Louise Cooper of BGC Partners pointed out an interesting fact about the etymology of the English word “deadline” – it came from the American Civil War and referenced a line that a prisoner could not cross without being shot dead. So, with that in mind, does anyone really think Greece has not passed the “deadline” for making its debts sustainable (oxymoron) and staying in the common currency zone?
The Greek government told us today there was no 11am deadline for it agreeing to the Troika’s harsh bailout conditions (which includes slashing the minimum wage to €550/month), and the real deadline was before a meeting of Eurozone finance ministers took place, and that meeting would only happen once Greek politicians reached an agreement on agreeing to austerity demands. Here is Open Europe Blog’s take on this latest act of the circular tragedy that is Greece:
All of this puts the eurozone at yet another impasse. There is no way eurozone states will agree to disburse another €130bn – €145bn without a greater commitment to austerity in both the Greek public and private sectors. But without support from all three parties any commitment would be an empty one.
Usually, this would spell another round of talks, negotiations and some form of muddling through. However, this time they have essentially set a deadline of the start of this week to finalise the entire Greek package. The reason for this is the €14.4bn in Greek debt which needs to be paid off on 20 March. For the next bailout to be released, the ‘voluntary’ restructuring needs to have taken place and the new austerity measures need to be making their way through parliament. Without the money from the second bailout Greece will not be able to pay off this maturing debt. Most experts and those involved expect that six weeks is the minimum amount of time it will take to put the restructuring in place – meaning that it needs to get underway this week, hence the deadline.
There is also the ‘side’ issue of how much money will actually be paid out in the second bailout and whether the official sector (eurozone loans/ECB) will take losses in the restructuring. These are in themselves massive issues which will affect the future of the eurozone – particularly the role of the ECB (as we have previously discussed here).
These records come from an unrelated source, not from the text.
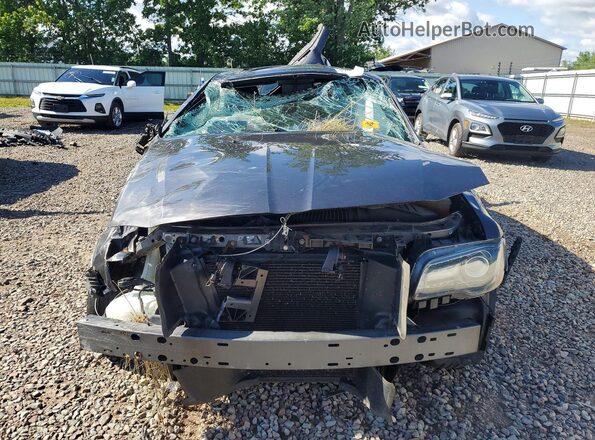 2C3CCABG9MH537203 2021 CHRYSLER 300 Gray Front view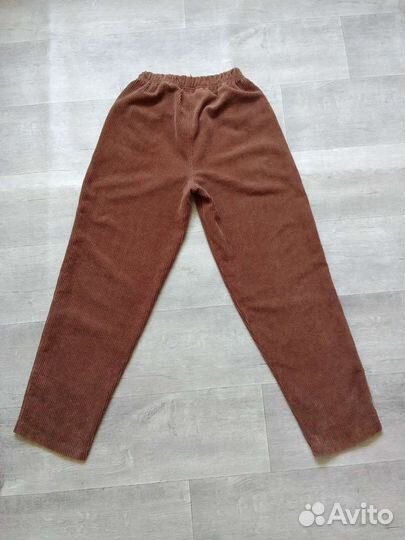 Вельветовые брюки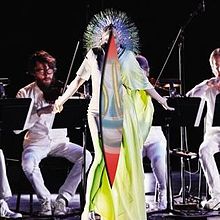 Cover art for Vulnicura Strings by Björk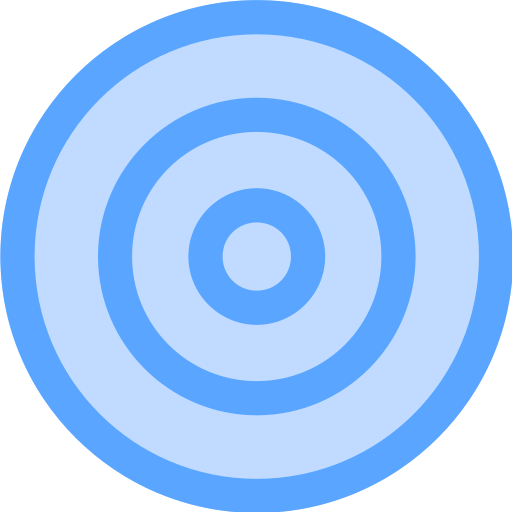 objectif Generic Blue Icône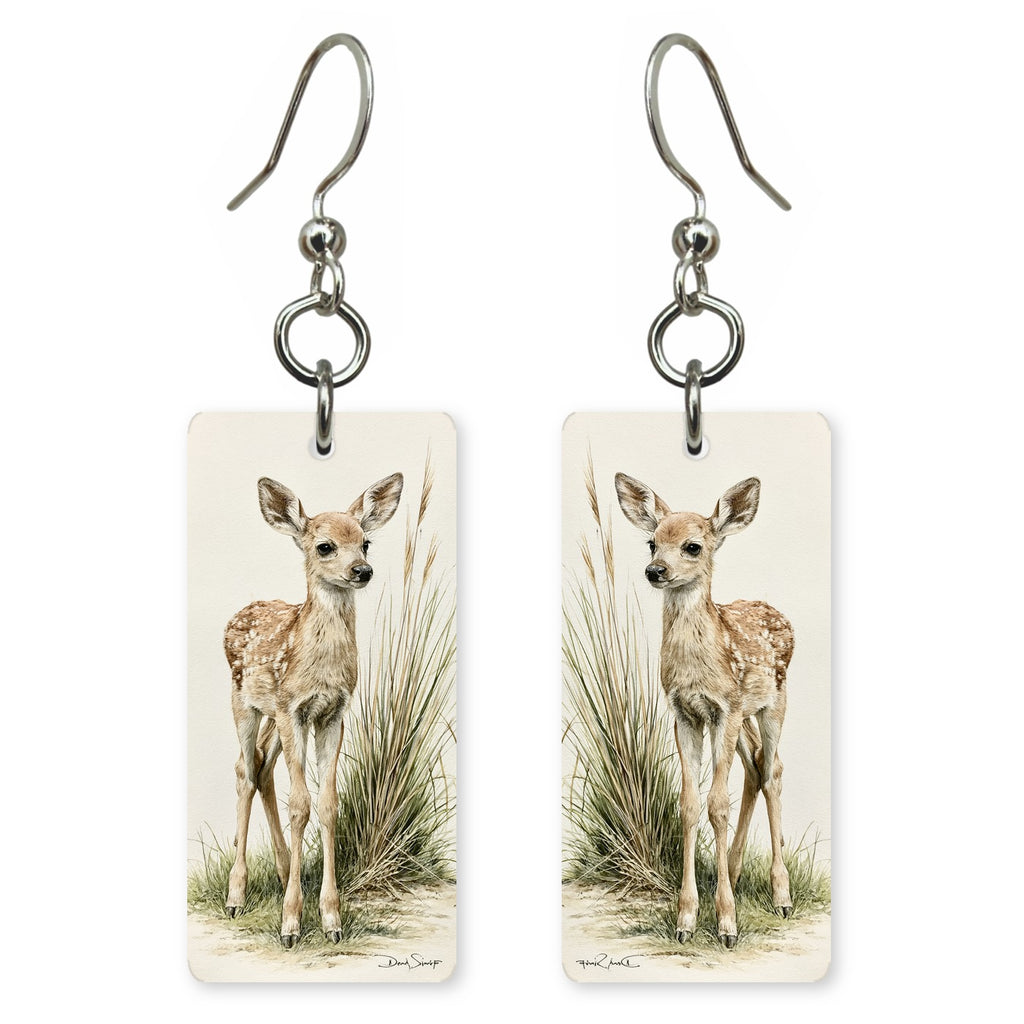 Grassland Fawn Earrings | FW195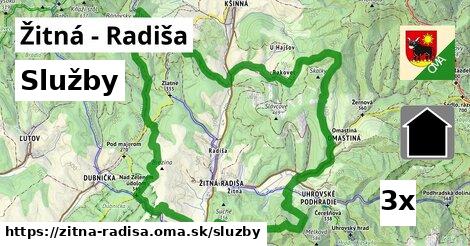 služby v Žitná - Radiša
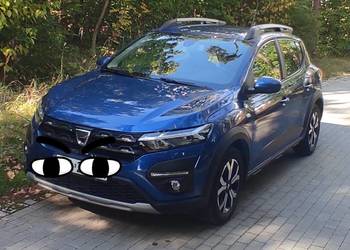 Dacia Sandero Stepway z 2021 roku z LPG w super stanie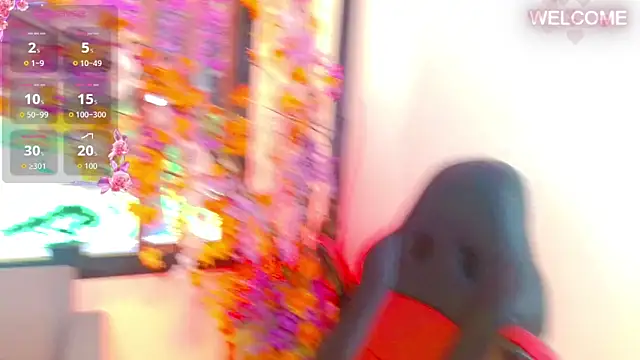 Cristal Villael online show from October 30, 3:16 am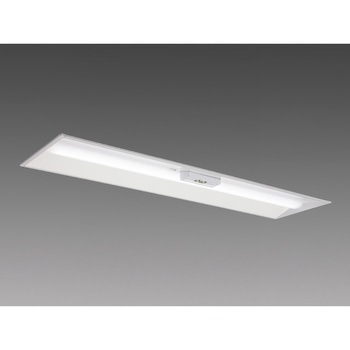 東芝 非常用照明器具 非常時高出力 埋込形 40タイプ W300 FLR40×2灯省電力相当 電球色 LEDバー付き　LEKRS430404L-LS9(LEERS43003LS9+LEEM40403L01) LEDEM30221MK || LED非常用照明器具 東芝 専用形 一般形 電池内蔵形 埋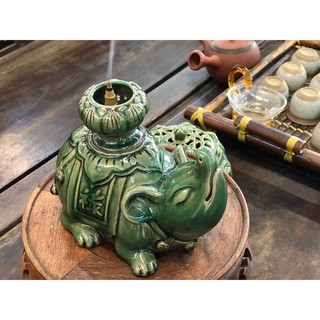 Chuột Đốt Trầm - Gốm Bát Tràng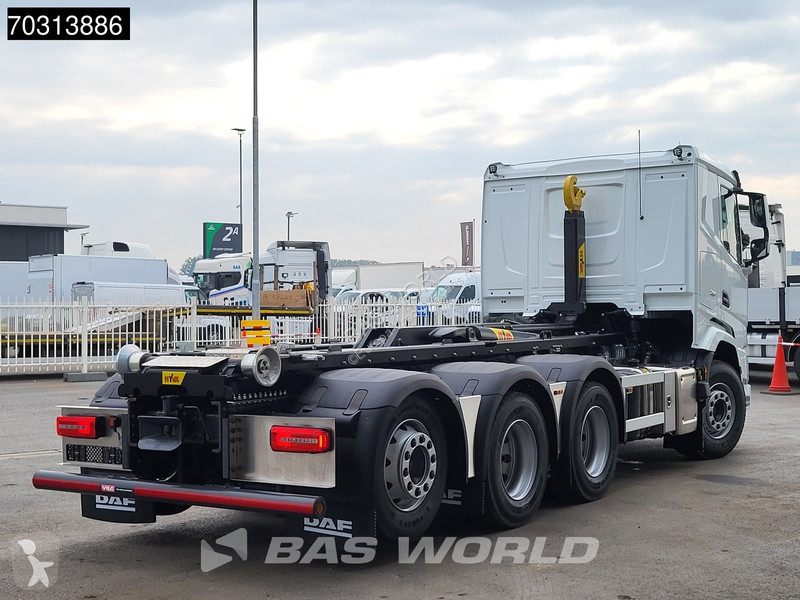 شاحنة DAF 530 8X4 NEW! HYVA 30-60 S Hooklift...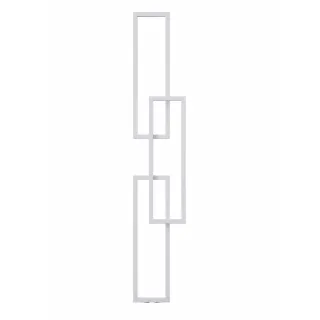 Grzejnik dekoracyjny Prostokąt 3+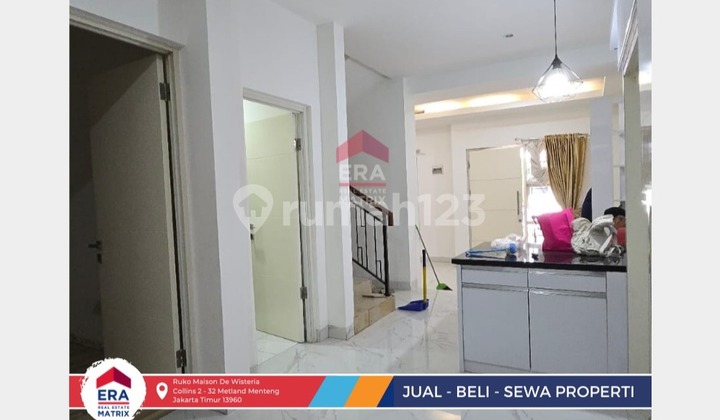 Rumah Lebar 6x16 Cluster Savana Semi Furnished Metland Menteng Bebas Banjir Nego Sampai Jadi Rumah Lebar 6x16 Cluster Savana Semi Furnished Metland Menteng Bebas Banjir Nego Sampai Jadi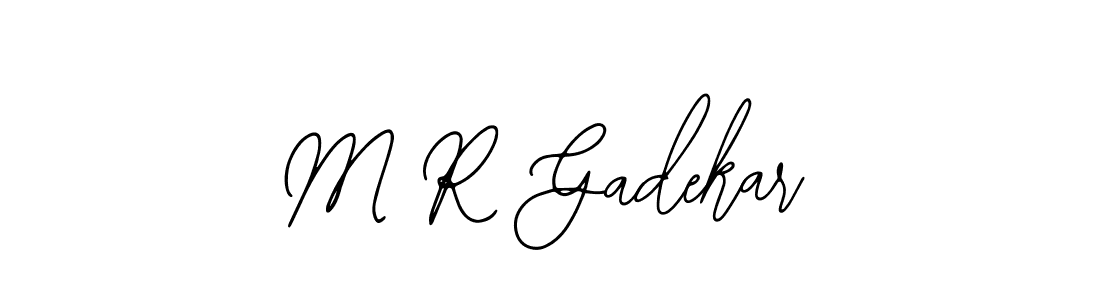 This is the best signature style for the M R Gadekar name. Also you like these signature font (Bearetta-2O07w). Mix name signature. M R Gadekar signature style 12 images and pictures png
But in the eyes of the eurozone these discussions cannot even take place until there is a consensus from the Greek political elite to commit to greater austerity. Unfortunately, then, there are still some very big issues to be ironed out, even after the current disagreement is settled.
2.00pm – Despite rumours of an agreement being reached, it looks as if the negotiations are far from over. Greek Prime Minister Lucas Papademos is set to hold talks with the troika later this evening to update them on his progress. Papademos will then hold another meeting with Greek political leaders tomorrow, presumably to communicate any messages which the troika wish to send. We assume the message will be for greater austerity. So don’t expect a Euro-group meeting until at least Wednesday.
Needless to say, all of this is self-referential kabuki theatre at its worst. Greece will default on its loans in March, its economy will continue to shrink dramatically and its public debt situation will never become sustainable. It will be forced to revert to its own national currency, most likely sometime between one month and change from now and the end of the year, at the latest.
That much is already baked in to the cake and is being prepared for by private and public institutions across Europe. Bruno Waterfield, The Telegraph’s Brussels Correspondent, comments on the transition from speculative scenarios of a Greek exit by the EU into concrete plans:
Maria Damanaki, the Greek European Commissioner, has revealed that scenarios for Greece’s exit from euro have turned to plans.
She told the To Vima tis Kyriakis newspaper that discussion over a Greek default had moved over the last year from contingencies to “preparations”.
“Now they’re not simply scenarios. They are alternative plans that are being openly studied. They are not preferable at the moment. What is promoted is Greece’s internal devaluation within the eurozone. But there is preparation for other solutions, if Greece doesn’t make it despite its efforts, to continue on the eurozone path,” she said.
A European Commission spokesman said: “I have no comment on the fishery commissioner’s comments on the financial situation in Greece.”
Greece’s unions have their own plans to hold a 24 hour strike tomorrow in opposition to any further austerity. The only real deadline for Greece now (as in a line that cannot be crossed without being shot dead) is the one they must stop short of before cascading into full-blown, bloody revolution on the streets. Once the ruling and opposition parties of Greece accede to the Troika’s latest demands, this deadline will have passed as well, if it hasn’t already. Unlike Europe’s bureaucrats and politicians, the people of Greece cannot afford to keep delaying the inevitable.